Tomgram: Making Sense of America's Empire of Chaos

Posted by Tom Engelhardt at 4:11PM, May 27, 2018.

  Mark Karlin: How much money has gone to the U.S. war on terror and what has been the impact of this expenditure?

Tom Engelhardt: The best figure I’ve seen on this comes from the Watson Institute’s Costs of War Project at Brown University and it’s a staggering $5.6 trillion, including certain future costs to care for this country’s war vets. President Trump himself, with his usual sense of accuracy, has inflated that number even more, regularly speaking of $7 trillion being lost somewhere in our never-ending wars in the Greater Middle East. One of these days, he’s going to turn out to be right.

As for the impact of such an expenditure in the regions where these wars continue to be fought, largely nonstop, since they were launched against a tiny group of jihadis just after September 11, 2001, it would certainly include: the spread of terror outfits across the Middle East, parts of Asia, and Africa; the creation -- in a region previously autocratic but relatively calm -- of a striking range of failed or failing states, of major cities that have been turned into absolute rubble (with no money in sight for serious reconstruction), of internally displaced people and waves of refugees at levels that now match the moment after World War II, when significant parts of the planet were in ruins; and that’s just to start down a list of the true costs of our wars.

At home, in a far quieter way, the impact has been similar.

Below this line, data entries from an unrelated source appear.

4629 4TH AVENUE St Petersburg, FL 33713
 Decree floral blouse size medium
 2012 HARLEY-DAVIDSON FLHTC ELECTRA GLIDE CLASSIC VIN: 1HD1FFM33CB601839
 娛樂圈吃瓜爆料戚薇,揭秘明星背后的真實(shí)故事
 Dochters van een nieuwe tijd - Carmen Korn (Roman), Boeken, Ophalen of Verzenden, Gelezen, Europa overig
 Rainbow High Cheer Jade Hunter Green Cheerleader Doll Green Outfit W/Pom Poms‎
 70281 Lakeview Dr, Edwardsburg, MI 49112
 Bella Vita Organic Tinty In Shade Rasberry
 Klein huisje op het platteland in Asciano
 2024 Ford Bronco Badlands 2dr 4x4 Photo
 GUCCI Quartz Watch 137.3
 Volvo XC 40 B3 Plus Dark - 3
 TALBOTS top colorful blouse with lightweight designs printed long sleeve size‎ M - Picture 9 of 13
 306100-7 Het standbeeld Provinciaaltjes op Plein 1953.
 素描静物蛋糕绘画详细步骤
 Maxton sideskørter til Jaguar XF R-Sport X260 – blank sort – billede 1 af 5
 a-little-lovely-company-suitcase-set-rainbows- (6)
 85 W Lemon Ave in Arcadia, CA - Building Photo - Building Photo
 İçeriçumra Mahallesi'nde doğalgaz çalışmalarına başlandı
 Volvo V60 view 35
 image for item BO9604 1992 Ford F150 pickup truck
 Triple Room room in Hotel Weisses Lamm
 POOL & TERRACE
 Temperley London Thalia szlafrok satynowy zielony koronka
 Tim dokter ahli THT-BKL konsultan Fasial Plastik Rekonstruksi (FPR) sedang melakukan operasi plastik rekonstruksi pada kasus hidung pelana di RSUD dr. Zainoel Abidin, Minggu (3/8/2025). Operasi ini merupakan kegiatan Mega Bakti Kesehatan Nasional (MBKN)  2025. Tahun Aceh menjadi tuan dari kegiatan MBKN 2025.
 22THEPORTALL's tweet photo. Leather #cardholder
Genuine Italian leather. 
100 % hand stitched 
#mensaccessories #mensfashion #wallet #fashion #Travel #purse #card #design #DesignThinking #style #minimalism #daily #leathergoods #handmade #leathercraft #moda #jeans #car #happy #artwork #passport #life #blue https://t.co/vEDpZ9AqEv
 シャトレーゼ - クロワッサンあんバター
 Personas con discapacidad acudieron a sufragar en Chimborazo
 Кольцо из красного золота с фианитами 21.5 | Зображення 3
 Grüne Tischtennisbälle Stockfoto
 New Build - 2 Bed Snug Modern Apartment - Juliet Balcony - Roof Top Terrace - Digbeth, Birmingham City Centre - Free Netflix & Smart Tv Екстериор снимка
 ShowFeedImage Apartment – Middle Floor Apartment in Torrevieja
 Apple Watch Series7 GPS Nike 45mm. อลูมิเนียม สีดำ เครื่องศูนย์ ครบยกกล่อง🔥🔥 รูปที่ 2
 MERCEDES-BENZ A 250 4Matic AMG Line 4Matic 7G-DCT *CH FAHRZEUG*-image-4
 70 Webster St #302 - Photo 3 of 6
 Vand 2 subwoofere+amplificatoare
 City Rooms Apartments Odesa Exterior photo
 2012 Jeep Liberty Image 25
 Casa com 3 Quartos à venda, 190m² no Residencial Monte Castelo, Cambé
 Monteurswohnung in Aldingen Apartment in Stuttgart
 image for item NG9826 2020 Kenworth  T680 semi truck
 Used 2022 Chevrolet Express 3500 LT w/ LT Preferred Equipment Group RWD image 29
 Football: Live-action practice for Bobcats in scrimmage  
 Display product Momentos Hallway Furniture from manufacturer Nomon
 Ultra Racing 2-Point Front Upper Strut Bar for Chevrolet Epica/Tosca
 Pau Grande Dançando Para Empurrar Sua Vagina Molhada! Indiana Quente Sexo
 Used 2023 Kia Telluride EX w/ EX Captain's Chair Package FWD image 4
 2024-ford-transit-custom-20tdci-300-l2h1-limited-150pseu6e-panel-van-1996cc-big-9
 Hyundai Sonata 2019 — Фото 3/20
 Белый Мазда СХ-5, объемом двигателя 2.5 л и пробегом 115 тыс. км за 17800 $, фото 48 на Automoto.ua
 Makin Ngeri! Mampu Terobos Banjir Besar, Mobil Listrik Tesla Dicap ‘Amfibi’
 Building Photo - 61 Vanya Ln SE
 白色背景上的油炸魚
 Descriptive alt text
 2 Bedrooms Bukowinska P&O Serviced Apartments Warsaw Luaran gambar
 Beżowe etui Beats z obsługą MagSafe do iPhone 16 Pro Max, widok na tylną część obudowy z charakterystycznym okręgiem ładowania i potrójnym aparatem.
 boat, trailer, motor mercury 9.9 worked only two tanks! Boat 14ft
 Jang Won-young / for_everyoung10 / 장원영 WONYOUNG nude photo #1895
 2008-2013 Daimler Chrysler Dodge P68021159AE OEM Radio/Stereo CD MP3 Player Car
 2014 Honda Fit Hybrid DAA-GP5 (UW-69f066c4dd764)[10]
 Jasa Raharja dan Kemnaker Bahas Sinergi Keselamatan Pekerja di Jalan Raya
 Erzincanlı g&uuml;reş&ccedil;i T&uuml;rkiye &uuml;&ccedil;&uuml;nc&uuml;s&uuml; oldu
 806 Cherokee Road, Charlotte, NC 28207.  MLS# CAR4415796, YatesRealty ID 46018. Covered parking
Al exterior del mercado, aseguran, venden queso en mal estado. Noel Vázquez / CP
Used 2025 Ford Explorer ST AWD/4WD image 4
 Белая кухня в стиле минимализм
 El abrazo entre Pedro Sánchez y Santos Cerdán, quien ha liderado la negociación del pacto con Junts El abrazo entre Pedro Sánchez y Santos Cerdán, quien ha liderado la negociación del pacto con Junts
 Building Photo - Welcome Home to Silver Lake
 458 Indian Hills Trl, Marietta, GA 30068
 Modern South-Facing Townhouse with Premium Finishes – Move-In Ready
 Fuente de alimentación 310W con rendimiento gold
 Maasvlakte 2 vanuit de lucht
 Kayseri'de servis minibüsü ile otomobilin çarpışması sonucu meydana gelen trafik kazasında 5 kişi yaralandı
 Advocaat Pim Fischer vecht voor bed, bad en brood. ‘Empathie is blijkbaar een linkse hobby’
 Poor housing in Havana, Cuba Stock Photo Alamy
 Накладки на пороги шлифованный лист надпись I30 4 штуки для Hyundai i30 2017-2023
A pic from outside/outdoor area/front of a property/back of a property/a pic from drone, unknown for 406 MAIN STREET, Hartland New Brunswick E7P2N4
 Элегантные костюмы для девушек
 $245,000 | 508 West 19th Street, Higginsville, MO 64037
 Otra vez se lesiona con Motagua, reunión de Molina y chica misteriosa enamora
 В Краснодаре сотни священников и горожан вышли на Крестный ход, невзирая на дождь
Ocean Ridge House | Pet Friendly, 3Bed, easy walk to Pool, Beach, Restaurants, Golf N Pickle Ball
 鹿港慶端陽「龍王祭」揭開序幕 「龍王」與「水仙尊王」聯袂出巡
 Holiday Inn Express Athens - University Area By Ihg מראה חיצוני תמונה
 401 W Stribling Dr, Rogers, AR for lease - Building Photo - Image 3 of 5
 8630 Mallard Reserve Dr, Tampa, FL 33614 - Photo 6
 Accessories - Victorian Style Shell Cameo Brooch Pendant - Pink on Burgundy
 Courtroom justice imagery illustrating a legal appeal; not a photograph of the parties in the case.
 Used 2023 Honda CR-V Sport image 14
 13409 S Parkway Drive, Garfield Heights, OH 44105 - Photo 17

Just imagine, for instance, what our American world would have been like if any significant part of the funds that went into our fruitless, still spreading, now nameless conflicts had been spent on America’s crumbling infrastructure, instead of on the rise of the national security state as the unofficial fourth branch of government. (At TomDispatch, Pentagon expert William Hartung has estimated that approximately $1 trillion annually goes into that security state and, in the age of Trump, that figure is again on the rise.)

Part of the trouble assessing the “impact” here in the U.S. is that, in this era of public demobilization in terms of our wars, people are encouraged not to think about them at all and they’ve gotten remarkably little attention. So sorting out exactly how they’ve come home -- other than completely obvious developments like the militarization of the police, the flying of surveillance drones in our airspace, and so on …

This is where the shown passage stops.